March 05, 2024

My Writing and Publishing Roadmap


This is a long post, so I color coordinated. If you’re only interested in the journey I’ve gone on with my Secret Book Baby Series, read the green destination marks (dates). If you’re interested in what I’ve actually published or other works, read the remaining destination marks (dates) in bold white font. Anything in red font is important either way.


Twelve Years Old:

I was twelve years old when my first real story idea came to me one afternoon after school and a lone game of basketball in front of my house. I've told this story many times, but I'll share it again.

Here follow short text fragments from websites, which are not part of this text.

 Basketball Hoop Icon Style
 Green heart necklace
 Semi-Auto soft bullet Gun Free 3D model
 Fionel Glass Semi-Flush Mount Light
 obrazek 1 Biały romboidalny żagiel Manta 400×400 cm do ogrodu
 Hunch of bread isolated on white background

Sitting in the grass, with the basketball on my lap, I was catching my breath, enjoying the weather, and playing with the blades of grass with my right hand. My fingertips brushed something cold and hard close to the earth. Excited, hoping to find a coin or a key, I searched the blades only to discover a rusted screw with a crooked tip. The strangest thing happened while I held that screw, though. I thought about what it would mean if that screw was really a key to an unknown world, and who would be there if I found that door? A girl was there, who had extraordinary powers. I ran into my house, grabbed writing utensils, and resumed my spot outside to write the opening of that story. The rest is, well, herstory.

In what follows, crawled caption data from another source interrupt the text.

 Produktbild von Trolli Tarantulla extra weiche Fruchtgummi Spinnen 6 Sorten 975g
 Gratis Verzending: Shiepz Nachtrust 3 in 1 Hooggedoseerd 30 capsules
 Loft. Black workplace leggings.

I had kept that screw for many years, but when my family moved out of my childhood home because of foreclosure, I got rid of it. I could've kept it. It was tiny, after all. Alas, I did not. I wish I had that screw still. I honestly don't remember if I put it in the trash or stuck it back into the ground where I'd found it. Part of me thinks I did the latter...to honor it, so I choose to believe I did.


Fourteen Years Old:

I finished writing my first novel. I had called it The Unknown World. It was a fantasy adventure and took up four hand-written notebooks. The computer document was complete at ​87,018 words/​​​​​​​426 pages.​​​


Sixteen Years Old:

Writing became my passion. I couldn't not write. I wrote on the school bus and in class. I wrote at home. I carried my current notebook wherever I went.

At ​the age of sixteen, I completed Book Two, The Face Beyond, which took up eleven hand-written notebooks. I was unable to open this document, so I don’t know the word/page count.


Seventeen Years Old:

Book Three took up seven hand-written notebooks. I apparently never typed this one up, which is surprising to me. I swear I did. I used to have so much fun typing up these stories, listening to music from my headphones, and adding to the story as I went. Alas, I can’t find that ancient document.

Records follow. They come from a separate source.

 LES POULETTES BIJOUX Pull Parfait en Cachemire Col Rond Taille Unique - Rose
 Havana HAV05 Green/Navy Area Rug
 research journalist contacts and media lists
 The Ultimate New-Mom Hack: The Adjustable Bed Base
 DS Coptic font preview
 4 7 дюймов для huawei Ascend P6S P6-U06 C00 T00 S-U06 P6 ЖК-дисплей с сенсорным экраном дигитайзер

Book Three was the story that changed the course of my series, my characters, and my writing forever, and it was all because of a new character who came into the story. His name was (and is) Rainer. I loved him. Plain and simple. I liked him more than the love interest I had at the time for my FMC (female main character), and I struggled to justify keeping her and Rainer apart, as only best friends rather than boyfriend and girlfriend as they truly wanted to be.


Seventeen Years Old (Again):

I was working on Book Four, and I was seven notebooks in (nowhere near done), when writer's block hit. A big part of it was because of my Rainer dilemma. The other part of it, I later discovered, was because I'd matured while writing my stories and felt a disconnect from them because of where I was taking them. The first two, especially, weren't anything like the story I was working on, which was much more adult.

That's when I decided to rewrite them from page one. Age my characters. Give them interesting jobs. Change their world to be less fantastical. Dump the old love interest and bring Rainer in from the start.